### REQUIREMENT
Below are some records. Retype exactly the lines from the one containing "Pajacyk HO-HO z ociepleniem i zamkiem" through the one containing "15 yaşlı Azərbaycan məktəblisi dedektiv kitab yazdı 15", both included, skipping every picture.

### RECORDS FOR THE EXERCISE
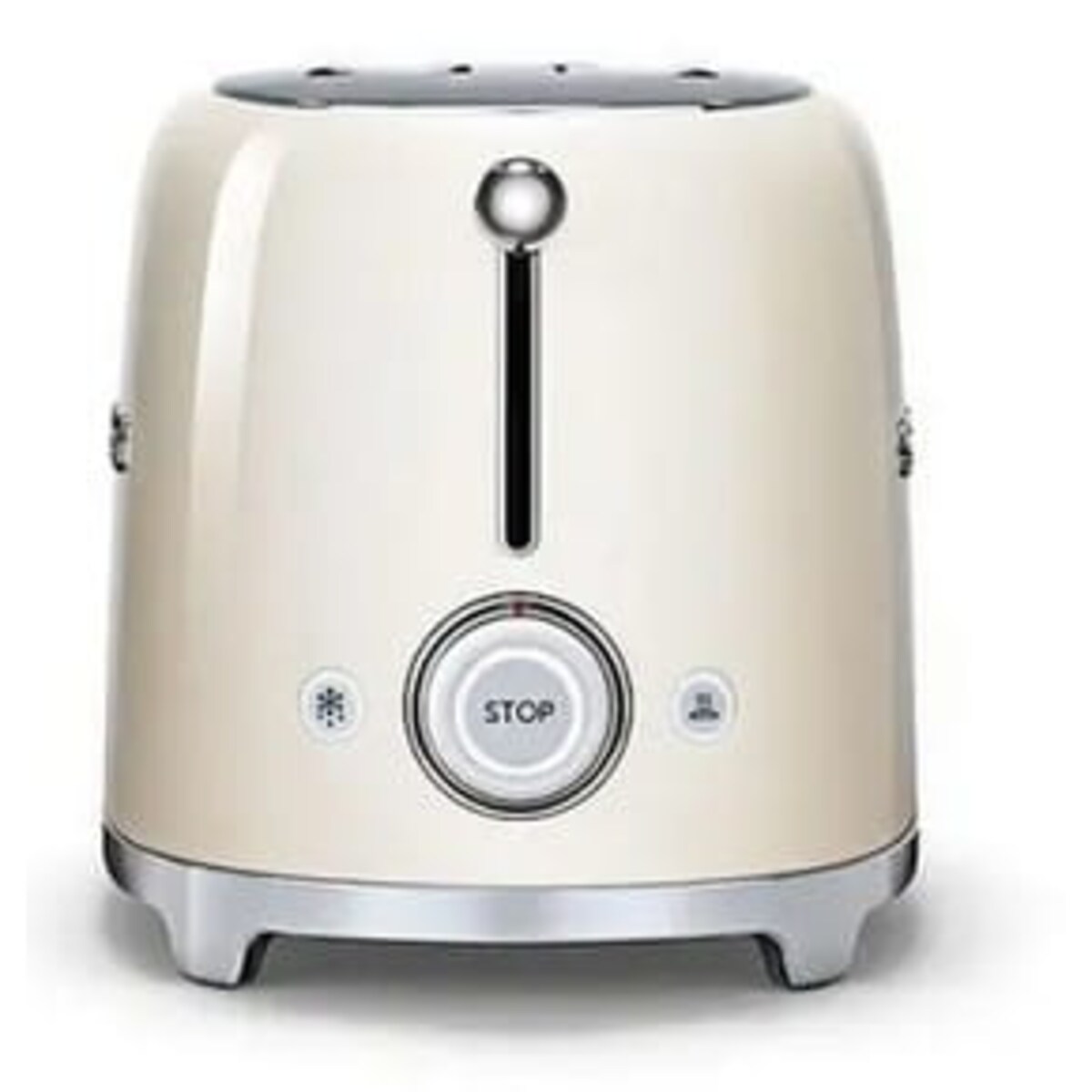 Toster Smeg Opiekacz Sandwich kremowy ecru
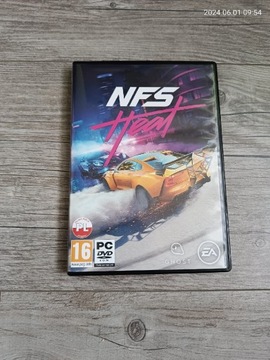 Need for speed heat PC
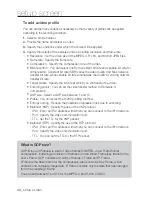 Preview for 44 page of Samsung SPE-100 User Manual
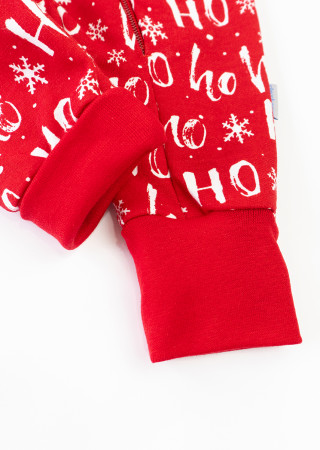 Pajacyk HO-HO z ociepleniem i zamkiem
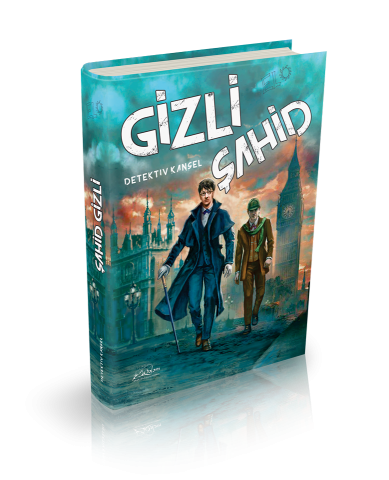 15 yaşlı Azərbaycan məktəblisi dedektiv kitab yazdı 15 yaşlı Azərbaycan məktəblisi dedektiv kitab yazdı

--

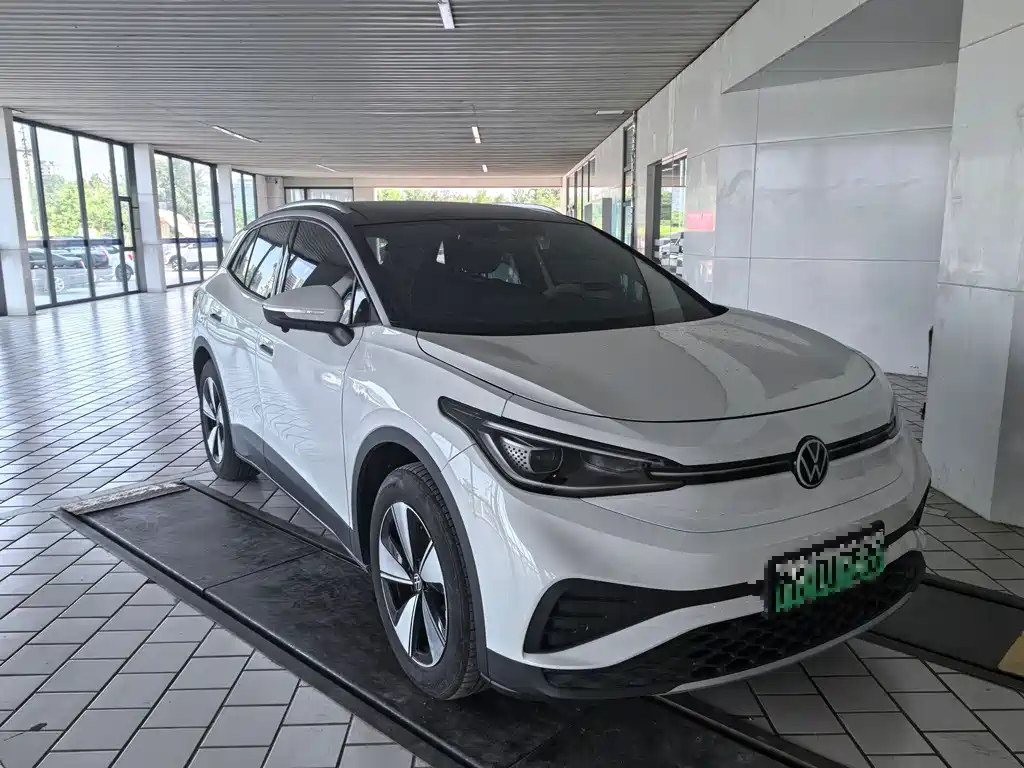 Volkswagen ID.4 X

---

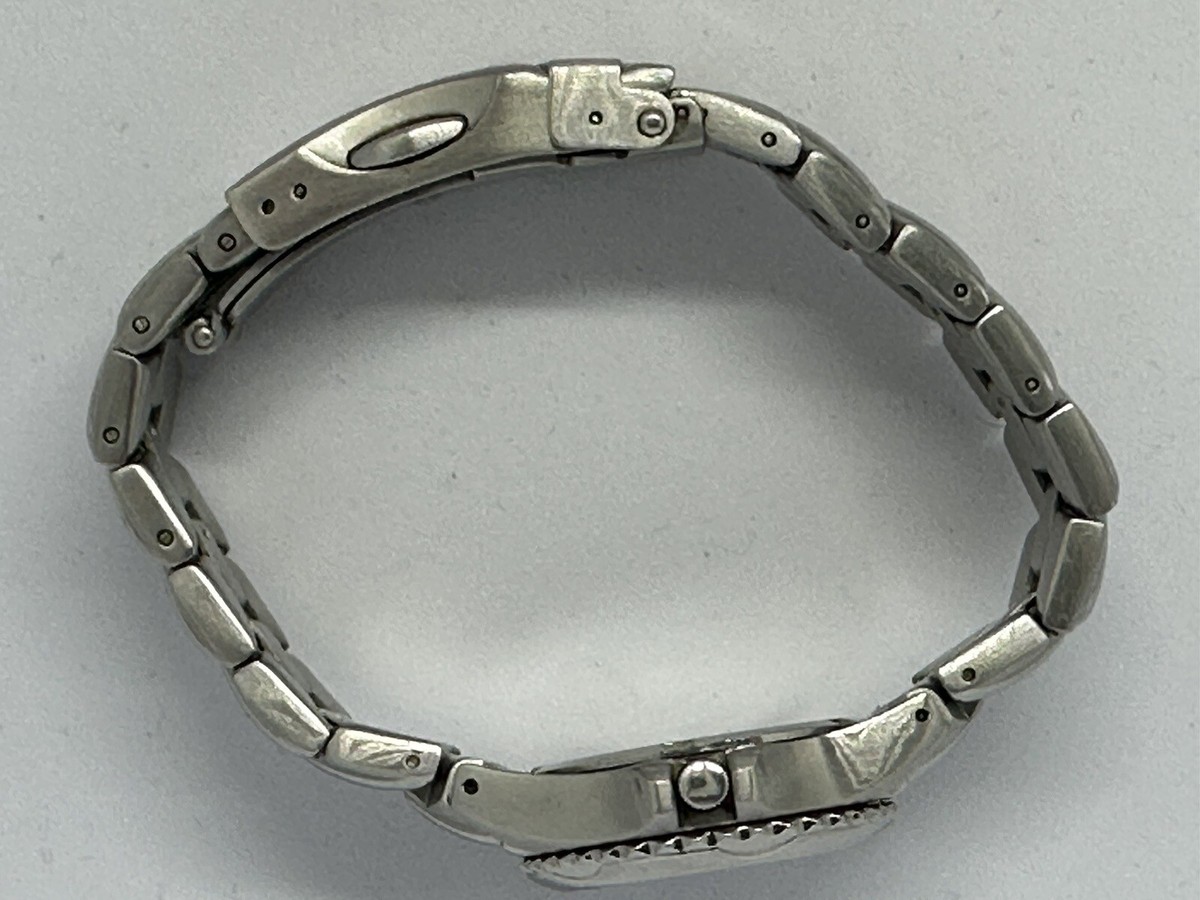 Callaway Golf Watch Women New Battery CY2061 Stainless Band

### FINISHED TASK
 Pajacyk HO-HO z ociepleniem i zamkiem
 15 yaşlı Azərbaycan məktəblisi dedektiv kitab yazdı 15 yaşlı Azərbaycan məktəblisi dedektiv kitab yazdı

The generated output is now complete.